The vote also comes the week before Sunday’s Oscars telecast, where Christopher Nolan’s biopic of J. Robert Oppenheimer, the “father of the atomic bomb,” is considered the favorite for best picture. Hawley, who has urged the telecast to acknowledge the struggle of downwinders, or those exposed to radiation due to being “downwind” from nuclear facilities or test sites, called the timing “fortuitous.”
“I hope that the real heroes here will get the attention they deserve,” Hawley said.
Proponents of the expansion have frequently sought to use public interest in the film, which depicts the first detonation of an atomic bomb in the Manhattan Project’s Trinity test, as a springboard to advocate for the measure.
Under the extension Biden signed, June 7 is the “go-dark date” for the law, Hawley said, and as such “there is a sense of urgency.” However, he added, “we’ll do it over and over and over again if that’s what it takes.”
Hawley said Monday that “we have every reason to believe” Biden would sign the bill if it reached his desk, and the White House made it official Wednesday, saying in a statement that “the President believes we have a solemn obligation to address toxic exposure, especially among those who have been placed in harm’s way by the government’s actions.”
For many of the people directly affected by radiation exposure, time and resources are in short supply. In addition to Hawley’s constituents and residents of several other states not covered by the original law, the proposed expansion would extend the window of coverage for uranium miners active between 1971 and 1990, as opposed to the current statute, which cuts off after 1971.
The federal government ended uranium procurement for atomic weapons development after 1971, but the industry continued production throughout the 1980s, and the uranium mines themselves remained major national security assets, according to the Navajo Nation, which has lobbied heavily for expansion.
Phil Harrison, a Navajo Nation member who worked as a uranium miner and a remediation worker for the Energy Department, noted that he and fellow advocates spend their own money for lobbying-related costs.
“Since 2009, we’ve been going back and forth, trying to get Congress to be sympathetic about the First Americans and Native Americans that protected this country’s national security,” he told The Hill in an interview.

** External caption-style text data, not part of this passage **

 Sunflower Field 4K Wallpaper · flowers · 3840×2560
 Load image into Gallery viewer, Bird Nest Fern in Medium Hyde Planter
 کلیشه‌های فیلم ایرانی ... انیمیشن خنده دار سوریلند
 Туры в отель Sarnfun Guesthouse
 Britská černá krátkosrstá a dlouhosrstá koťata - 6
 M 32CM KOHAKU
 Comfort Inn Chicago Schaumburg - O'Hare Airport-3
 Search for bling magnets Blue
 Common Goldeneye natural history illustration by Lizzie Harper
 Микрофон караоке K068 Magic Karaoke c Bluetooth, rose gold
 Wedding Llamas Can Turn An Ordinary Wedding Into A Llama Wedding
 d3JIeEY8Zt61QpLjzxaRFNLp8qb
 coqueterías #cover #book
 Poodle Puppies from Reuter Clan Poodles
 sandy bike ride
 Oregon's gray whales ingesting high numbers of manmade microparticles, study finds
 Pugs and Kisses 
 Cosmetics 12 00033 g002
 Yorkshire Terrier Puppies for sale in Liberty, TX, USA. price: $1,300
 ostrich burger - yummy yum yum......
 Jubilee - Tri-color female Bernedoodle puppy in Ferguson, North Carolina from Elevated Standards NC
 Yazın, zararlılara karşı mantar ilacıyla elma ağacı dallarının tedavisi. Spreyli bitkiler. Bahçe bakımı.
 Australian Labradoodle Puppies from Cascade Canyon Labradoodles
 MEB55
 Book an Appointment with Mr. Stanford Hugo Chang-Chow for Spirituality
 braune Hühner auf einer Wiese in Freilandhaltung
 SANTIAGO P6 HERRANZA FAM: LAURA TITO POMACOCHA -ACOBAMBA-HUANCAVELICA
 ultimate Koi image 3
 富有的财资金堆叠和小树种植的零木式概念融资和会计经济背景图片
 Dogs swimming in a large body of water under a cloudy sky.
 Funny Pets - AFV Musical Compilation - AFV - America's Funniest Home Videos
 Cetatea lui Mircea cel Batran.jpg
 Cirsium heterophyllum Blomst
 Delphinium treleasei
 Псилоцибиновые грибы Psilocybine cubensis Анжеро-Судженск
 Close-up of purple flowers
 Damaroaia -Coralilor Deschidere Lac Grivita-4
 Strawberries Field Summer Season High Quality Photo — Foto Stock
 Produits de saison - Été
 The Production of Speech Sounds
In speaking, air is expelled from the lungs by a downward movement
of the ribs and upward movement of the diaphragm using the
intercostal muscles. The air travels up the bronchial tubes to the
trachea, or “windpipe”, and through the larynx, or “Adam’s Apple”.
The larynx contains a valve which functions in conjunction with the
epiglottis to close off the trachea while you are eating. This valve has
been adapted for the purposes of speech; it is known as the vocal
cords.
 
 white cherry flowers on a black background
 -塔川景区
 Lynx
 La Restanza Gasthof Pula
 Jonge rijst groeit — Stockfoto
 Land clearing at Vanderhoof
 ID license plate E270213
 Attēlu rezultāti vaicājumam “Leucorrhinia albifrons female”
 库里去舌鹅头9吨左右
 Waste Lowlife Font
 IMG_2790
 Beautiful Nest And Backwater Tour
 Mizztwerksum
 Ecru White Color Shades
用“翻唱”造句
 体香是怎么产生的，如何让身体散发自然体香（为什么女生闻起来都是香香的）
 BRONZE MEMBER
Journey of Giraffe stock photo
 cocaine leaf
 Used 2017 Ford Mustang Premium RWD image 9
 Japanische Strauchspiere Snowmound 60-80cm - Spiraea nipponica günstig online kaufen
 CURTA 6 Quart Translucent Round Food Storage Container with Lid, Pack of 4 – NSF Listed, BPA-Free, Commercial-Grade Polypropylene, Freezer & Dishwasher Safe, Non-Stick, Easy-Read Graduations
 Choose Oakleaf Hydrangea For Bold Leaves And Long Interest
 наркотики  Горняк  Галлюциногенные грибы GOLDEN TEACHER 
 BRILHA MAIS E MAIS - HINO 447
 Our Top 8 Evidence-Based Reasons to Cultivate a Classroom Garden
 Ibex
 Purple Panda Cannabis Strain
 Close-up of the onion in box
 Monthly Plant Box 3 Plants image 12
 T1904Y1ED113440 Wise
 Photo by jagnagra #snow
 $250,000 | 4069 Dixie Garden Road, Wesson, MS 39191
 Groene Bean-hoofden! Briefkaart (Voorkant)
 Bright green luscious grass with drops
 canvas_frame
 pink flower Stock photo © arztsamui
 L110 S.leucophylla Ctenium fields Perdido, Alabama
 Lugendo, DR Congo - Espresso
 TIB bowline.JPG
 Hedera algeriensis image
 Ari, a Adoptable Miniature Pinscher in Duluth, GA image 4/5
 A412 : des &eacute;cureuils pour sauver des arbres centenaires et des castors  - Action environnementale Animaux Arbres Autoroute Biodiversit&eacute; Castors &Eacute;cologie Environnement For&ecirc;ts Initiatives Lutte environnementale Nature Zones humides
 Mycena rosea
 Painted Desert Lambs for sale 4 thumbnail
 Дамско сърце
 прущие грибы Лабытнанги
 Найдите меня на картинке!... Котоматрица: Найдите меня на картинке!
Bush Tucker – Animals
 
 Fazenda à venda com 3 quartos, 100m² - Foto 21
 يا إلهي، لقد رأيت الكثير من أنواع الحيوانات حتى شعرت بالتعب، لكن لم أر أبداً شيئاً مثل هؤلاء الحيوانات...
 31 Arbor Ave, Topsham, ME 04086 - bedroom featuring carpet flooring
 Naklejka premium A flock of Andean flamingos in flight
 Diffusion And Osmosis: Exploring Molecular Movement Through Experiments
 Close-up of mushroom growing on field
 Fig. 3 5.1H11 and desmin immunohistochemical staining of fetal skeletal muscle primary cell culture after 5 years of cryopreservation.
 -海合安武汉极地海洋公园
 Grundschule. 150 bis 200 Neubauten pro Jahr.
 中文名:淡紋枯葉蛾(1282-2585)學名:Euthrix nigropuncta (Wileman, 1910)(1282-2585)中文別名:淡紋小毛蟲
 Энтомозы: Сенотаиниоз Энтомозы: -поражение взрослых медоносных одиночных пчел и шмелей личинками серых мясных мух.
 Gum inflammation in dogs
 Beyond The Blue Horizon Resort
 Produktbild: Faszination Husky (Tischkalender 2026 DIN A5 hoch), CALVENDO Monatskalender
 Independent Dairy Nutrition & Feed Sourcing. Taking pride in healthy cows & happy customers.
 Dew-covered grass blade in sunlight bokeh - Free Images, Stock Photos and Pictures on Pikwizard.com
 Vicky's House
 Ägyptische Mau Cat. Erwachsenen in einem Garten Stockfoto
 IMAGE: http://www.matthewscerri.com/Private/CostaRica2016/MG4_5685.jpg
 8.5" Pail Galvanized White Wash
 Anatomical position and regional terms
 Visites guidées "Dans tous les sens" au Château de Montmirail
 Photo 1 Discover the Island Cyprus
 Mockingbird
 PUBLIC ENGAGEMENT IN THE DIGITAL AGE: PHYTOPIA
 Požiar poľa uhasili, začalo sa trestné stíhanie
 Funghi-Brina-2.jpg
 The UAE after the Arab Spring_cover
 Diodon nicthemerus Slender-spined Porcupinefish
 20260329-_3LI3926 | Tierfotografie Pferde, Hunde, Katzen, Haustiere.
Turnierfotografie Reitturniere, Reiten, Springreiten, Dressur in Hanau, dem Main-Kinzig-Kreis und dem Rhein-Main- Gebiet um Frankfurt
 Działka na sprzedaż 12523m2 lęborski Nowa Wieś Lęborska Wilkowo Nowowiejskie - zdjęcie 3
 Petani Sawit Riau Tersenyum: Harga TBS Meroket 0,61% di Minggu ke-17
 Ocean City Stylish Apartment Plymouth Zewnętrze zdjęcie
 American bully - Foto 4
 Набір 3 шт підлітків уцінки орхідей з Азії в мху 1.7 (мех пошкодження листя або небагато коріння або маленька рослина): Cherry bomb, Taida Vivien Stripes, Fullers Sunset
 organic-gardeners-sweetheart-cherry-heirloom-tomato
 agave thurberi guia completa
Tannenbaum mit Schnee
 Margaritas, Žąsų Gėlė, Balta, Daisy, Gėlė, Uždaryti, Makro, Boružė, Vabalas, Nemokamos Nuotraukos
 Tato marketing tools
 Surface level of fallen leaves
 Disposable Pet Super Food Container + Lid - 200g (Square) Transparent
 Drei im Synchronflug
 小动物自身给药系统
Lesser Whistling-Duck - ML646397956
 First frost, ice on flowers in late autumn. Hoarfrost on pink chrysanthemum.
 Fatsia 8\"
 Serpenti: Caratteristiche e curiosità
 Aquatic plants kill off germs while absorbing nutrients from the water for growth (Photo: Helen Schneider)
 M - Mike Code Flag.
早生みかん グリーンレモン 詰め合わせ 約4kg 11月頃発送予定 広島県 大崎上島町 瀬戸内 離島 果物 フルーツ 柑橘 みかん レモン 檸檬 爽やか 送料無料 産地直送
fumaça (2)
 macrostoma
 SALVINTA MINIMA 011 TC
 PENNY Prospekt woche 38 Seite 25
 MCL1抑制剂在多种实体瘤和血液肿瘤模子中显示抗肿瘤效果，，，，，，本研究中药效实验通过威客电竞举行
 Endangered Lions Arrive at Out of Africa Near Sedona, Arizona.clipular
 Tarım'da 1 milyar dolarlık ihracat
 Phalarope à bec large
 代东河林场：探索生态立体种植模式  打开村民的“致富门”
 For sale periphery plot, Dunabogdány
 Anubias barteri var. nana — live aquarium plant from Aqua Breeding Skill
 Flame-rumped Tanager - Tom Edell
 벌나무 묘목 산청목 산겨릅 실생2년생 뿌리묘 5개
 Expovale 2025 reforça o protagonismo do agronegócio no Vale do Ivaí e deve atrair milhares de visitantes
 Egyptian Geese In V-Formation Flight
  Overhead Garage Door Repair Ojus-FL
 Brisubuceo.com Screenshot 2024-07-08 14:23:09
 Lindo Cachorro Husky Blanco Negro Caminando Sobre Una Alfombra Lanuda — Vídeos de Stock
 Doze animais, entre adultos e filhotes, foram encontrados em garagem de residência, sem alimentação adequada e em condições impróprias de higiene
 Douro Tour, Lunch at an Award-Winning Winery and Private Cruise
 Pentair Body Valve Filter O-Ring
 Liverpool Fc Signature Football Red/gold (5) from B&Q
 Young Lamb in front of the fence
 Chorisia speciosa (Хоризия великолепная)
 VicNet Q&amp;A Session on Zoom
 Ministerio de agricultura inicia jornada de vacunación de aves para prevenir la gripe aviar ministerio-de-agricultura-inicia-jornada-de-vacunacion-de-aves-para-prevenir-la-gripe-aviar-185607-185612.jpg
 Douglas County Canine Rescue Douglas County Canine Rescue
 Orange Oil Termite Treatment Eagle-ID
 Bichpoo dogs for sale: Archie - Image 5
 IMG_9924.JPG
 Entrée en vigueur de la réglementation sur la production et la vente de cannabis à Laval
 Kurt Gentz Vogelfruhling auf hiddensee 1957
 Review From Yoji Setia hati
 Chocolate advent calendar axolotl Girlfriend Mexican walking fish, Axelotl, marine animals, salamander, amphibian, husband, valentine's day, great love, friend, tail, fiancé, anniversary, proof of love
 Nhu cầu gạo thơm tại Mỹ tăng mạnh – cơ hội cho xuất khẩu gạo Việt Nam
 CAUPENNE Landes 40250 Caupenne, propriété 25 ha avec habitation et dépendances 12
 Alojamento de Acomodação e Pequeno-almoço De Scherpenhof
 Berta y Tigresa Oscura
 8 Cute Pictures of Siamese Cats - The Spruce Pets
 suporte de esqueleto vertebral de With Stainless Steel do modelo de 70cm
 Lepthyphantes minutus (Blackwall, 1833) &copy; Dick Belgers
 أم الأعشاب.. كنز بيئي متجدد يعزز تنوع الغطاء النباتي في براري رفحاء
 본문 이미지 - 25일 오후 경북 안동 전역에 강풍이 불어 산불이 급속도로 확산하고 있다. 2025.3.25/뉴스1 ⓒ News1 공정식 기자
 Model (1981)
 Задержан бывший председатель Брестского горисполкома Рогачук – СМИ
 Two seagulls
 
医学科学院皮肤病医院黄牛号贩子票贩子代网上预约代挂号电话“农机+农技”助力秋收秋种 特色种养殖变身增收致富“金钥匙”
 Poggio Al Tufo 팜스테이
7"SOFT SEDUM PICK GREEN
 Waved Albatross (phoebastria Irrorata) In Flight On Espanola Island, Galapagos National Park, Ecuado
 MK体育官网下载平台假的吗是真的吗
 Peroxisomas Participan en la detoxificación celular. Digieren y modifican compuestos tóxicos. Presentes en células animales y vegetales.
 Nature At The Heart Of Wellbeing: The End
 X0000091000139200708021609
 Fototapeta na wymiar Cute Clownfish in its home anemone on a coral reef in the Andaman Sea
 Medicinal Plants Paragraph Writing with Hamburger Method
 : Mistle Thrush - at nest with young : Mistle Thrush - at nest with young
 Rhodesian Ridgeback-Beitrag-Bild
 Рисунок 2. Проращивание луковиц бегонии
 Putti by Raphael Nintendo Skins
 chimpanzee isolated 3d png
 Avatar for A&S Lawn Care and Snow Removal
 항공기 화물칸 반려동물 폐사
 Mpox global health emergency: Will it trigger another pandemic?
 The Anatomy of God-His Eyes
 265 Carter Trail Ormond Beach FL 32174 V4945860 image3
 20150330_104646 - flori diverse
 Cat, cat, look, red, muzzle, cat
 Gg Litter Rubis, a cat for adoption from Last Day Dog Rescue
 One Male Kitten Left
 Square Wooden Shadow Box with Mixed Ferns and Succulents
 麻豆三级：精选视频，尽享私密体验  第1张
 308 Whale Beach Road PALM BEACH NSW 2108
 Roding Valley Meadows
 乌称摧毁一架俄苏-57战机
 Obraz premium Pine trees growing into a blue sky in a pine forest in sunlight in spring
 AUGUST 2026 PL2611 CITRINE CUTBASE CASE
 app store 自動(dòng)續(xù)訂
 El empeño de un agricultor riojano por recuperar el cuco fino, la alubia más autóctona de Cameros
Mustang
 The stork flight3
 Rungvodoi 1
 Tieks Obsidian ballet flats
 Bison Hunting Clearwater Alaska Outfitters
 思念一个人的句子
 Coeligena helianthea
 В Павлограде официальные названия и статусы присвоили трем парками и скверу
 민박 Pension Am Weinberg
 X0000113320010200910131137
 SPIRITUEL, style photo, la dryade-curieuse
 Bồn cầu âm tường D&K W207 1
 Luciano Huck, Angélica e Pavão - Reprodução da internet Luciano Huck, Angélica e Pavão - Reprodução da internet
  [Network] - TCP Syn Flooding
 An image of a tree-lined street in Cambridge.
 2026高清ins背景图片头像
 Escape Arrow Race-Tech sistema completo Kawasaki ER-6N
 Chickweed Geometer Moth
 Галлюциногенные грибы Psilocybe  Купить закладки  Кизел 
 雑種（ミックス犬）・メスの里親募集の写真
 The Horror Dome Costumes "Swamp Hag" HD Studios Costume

Harrison, an Air Force veteran, told The Hill that at least 400 men in his community associated with uranium mining have died of lung cancer or other lung ailments. Cancer comprises 11.5 percent of all deaths among members of the nation, the third-leading cause of death, according to an October 2023 report from the Navajo Epidemiology Center.
Harrison testified before Congress in favor of RECA amendments in 2018 and 2022, and each time compensation has failed to pass has heightened the sense he was a David figure taking on the Goliath federal government.
“This is all on a voluntary basis — we sell fry bread on the streets to pay for our travel,” he said. “We’re fighting Star Wars with a golf club.”